Unfortunately, the St. Paul Public Schools district isn’t the only education system wrestling with discipline issues. As the New York Post reports, New York City’s public schools are also seeing a dramatic escalation in violence:

“Forcible sex offenses are up 90 percent year over year, according to state statistics. Assaults with weapons causing serious injuries are up 69 percent.”

Both St. Paul and New York schools share a common experimental policy: they have attempted to reduce suspensions of students of color in order to promote racial sensitivity and equity. In New York, for instance, instead of suspensions, teachers and administrators have been forced to resort to “talk-it-out” tactics, which give students minimal consequences for extremely problematic behavior, such as “insubordination, fighting, arson, assaults and marijuana possession.” 

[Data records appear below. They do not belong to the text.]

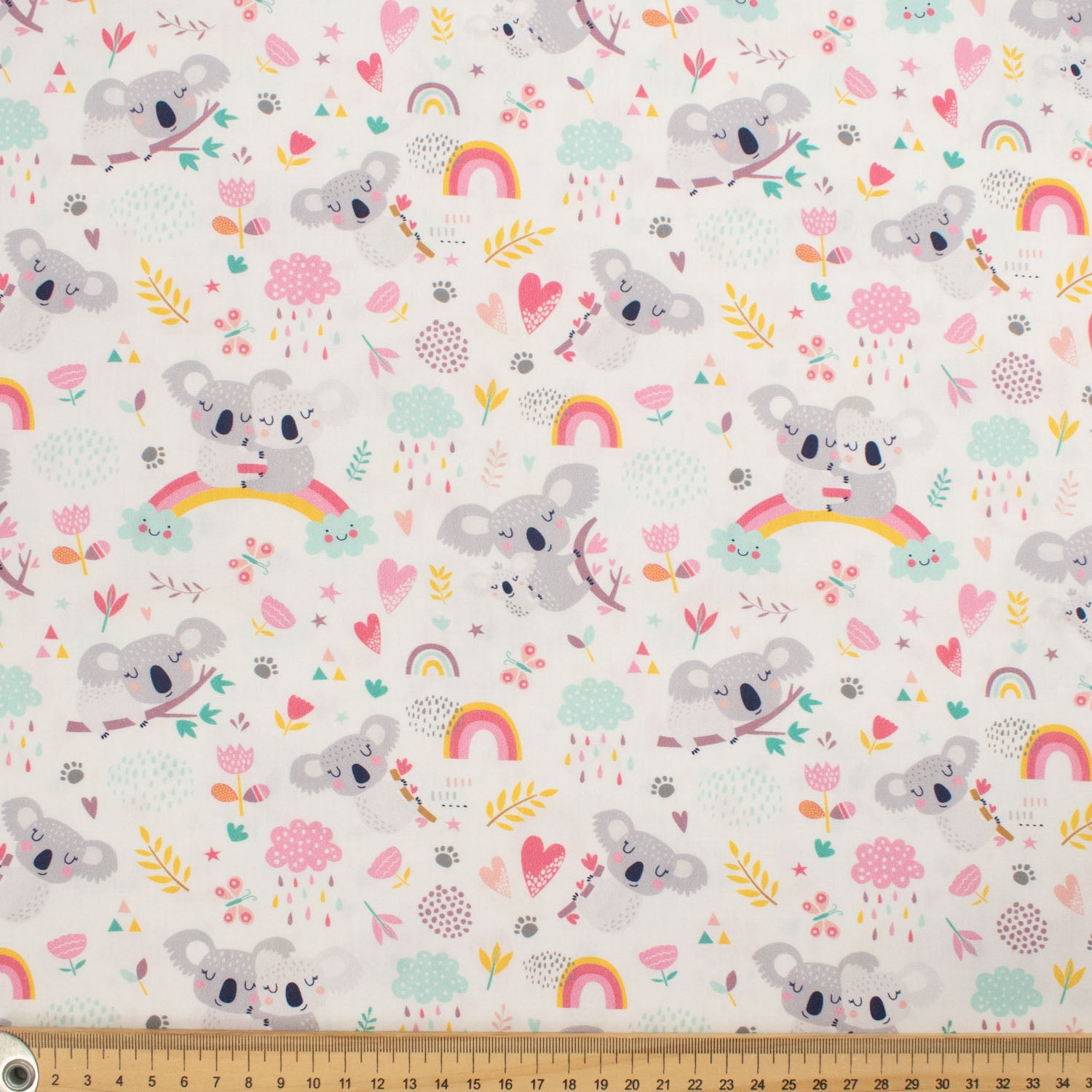 Nursery Baby Prints Collection Rainbow Koala White Cotton Prints
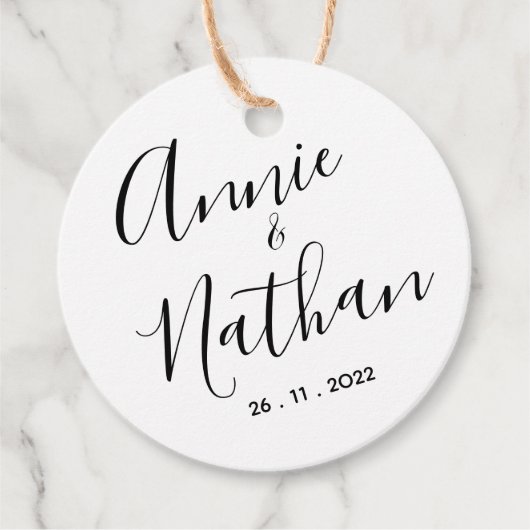 Eenvoudig Minimalistisch zwart witscript bruiloft Bedankjes Labels (Voorkant)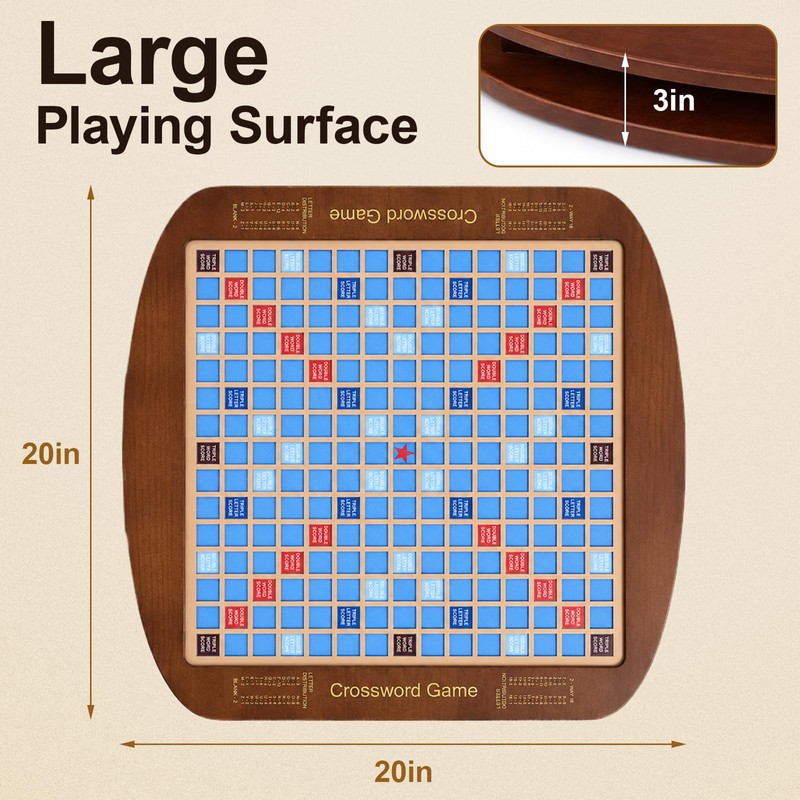 Deluxe Wooden Word Board Game, Extra Large 20" x 20"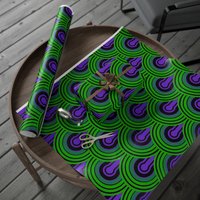 Hotel Retro Hexagon Pattern Wrapping Paper | Green Peacock Art Deco Gift Wrap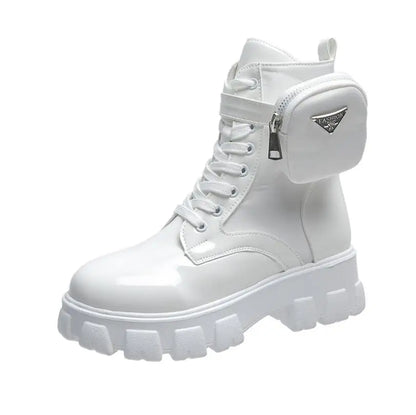 Thick-soled wallet women's boots winter new patent leather women's boots lace up motorcycle boots-meg BEST buys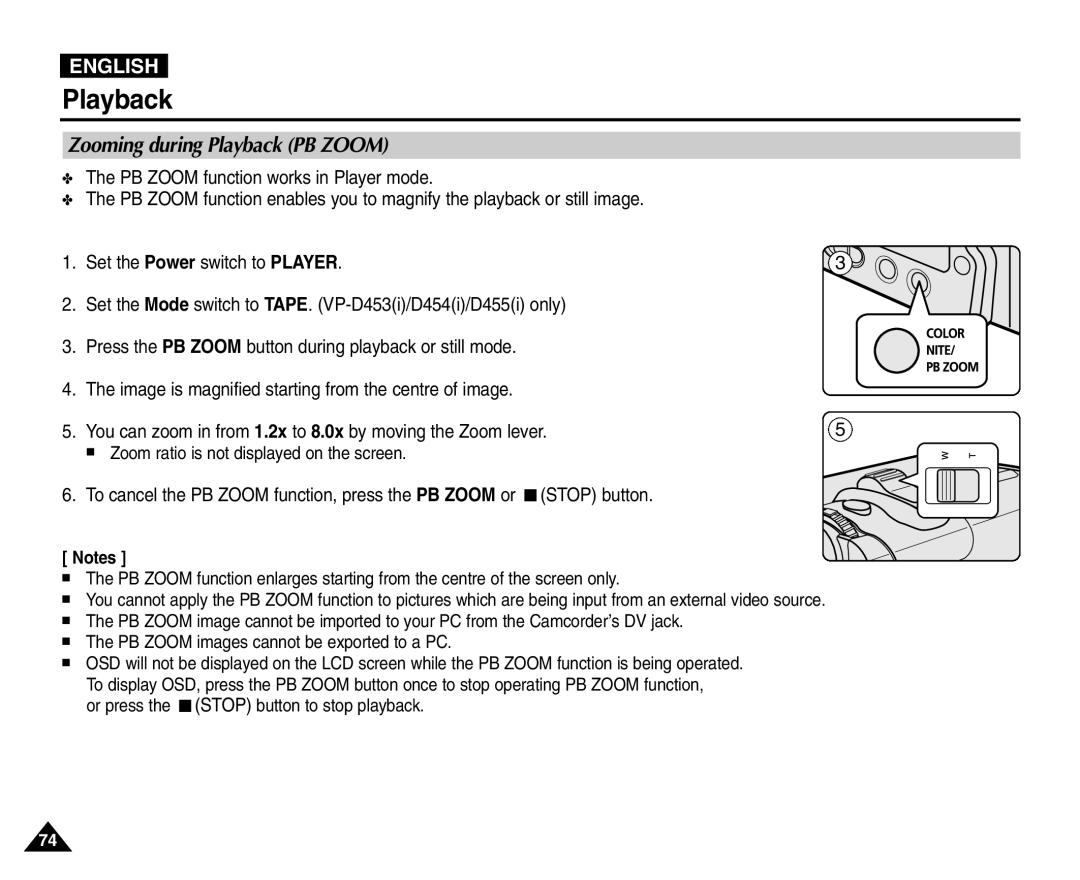 Samsung VP-D455(i), VP-D451(i), VP-D453(i), VP-D454(i) manual Zooming during Playback PB Zoom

But are such tactics barking up the wrong tree? Heather Mac Donald, a scholar with the New York-based Manhattan Institute says yes.

“A primary cause of student-discipline problems is the breakdown of families, Mac Donald says, which is especially severe among African-Americans. These households are missing fathers. When discipline isn’t enforced at home, students don’t behave in school, either.”

For years society has promoted the message that family break-up and decline doesn’t matter, and that adults should feel free to leave their spouses and children if it makes them happy. Legislators have sought to stem the fallout from such decisions by beefing up education funding, convinced that the public schools will pick up the slack when it comes to raising the next generation. But it’s not working.

Is it time we recognize that respect and order will never be restored in schools until the same is restored in the American home?